We’re still judging schools, teachers, and students by test scores. The so-called accountability is nothing more than an economic ranking system. Schools with lots of money, and the students and teachers who work in them, do well. Schools in high poverty neighborhoods, and the students and teachers who work in them, do poorly.
by John Kuhn
The school accountability competition wasn’t really a contest at all. It was more like a children’s tale, with schools starring as the Three Little Pigs and the test as the Big Bad Wolf. The schools that had bricks did well; the schools that had straw did poorly.
This quote refers to Illinois, but it is applicable to every state in the union. Test score data is an indication of the level of poverty. Despite school “reforms” like closings, charters, higher standards, evaluating teachers by student scores, and “better” tests, low scores still correlate with poverty.
From WBEZ Radio, 91.5, in Chicago.
…poverty remains a frustratingly accurate predictor of how well schools will perform. Schools full of middle-class kids rarely perform below average on state tests; schools made up of low-income kids rarely score above.

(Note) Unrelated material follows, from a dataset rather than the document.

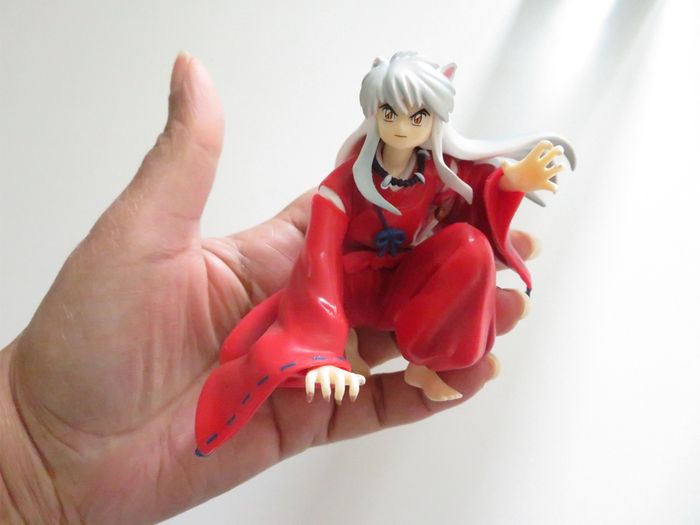 Figurine manga fille rouge accroupi - photo numéro 2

IGNORANCE AND DOUBLE STANDARDS
From Sarah Mulhern Gross in the Reading Zone
Two quotes here. The first is from New Jersey Governor Chris Christie talking about public education. In the video embedded in this post Christie shows his massive ignorance of what teachers actually do and what schools are actually like. The vast majority of teachers work more than the 6 hours a day which Christie imagines. Christie also adds up all the time in which teachers are not in school and comes up with teachers being “off” four months a year. This assumption is faulty as well. Teachers work when students are not in school (see here and here). If Christie spent any time talking to teachers instead of just bullying them he would know this…

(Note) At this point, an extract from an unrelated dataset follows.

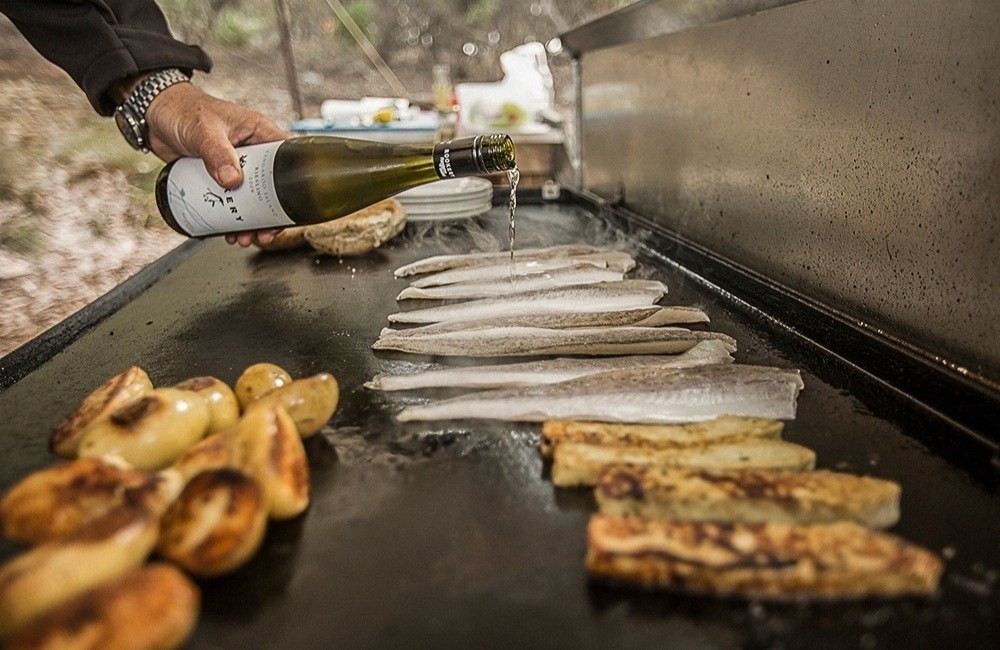 aus kangaroo island seafood BBQ lunch cuisine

“It’s the same as it was in the 1800’s for God’s sake…It’s a row of desks facing forward to a black board or a white board…a person standing in the front of the room…talking to the people at the desks…
“And they do so from roughly 8:30 to roughly 2:30 or 3 o’clock, and they’re off four months a year.”
In her response, Sarah Mulhern Gross said…
You know where else I see those dreaded rows? In charter schools. In fact, I see that in your friend Eva Moskowitz’s Success charter schools, where students are routinely humiliated and the teacher turnover rate is astronomical. You know what I do not see in her charter schools? Students with disabilities and students with behavior issues. Charter schools like Success usually achieve their test scores because they do not serve our neediest populations, while our public schools do.
TEST SCORES VS. GRADES
Krashen gives evidence (complete with references) that high school grades are a good predictor of college success. Where is the evidence that standardized tests predict success?
From Stephen Krashen
[There is] research evidence showing that high school grades in college prep courses are an excellent predictor of college success, and that standardized test scores (the SAT) do not provide much more information than grades alone.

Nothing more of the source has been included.